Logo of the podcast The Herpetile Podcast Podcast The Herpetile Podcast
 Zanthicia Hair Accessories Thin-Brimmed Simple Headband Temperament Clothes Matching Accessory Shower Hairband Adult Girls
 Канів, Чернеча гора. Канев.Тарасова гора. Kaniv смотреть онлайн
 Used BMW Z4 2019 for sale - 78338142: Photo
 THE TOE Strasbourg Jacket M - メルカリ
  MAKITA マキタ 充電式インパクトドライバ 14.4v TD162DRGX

**REQUIRED WORK:** Begin with the line holding "THE TOE Strasbourg Jacket M - メルカリ" and end with the last line of the material. Write out those lines exactly, and only those.

**EXPECTED ANSWER:**
 THE TOE Strasbourg Jacket M - メルカリ
  MAKITA マキタ 充電式インパクトドライバ 14.4v TD162DRGX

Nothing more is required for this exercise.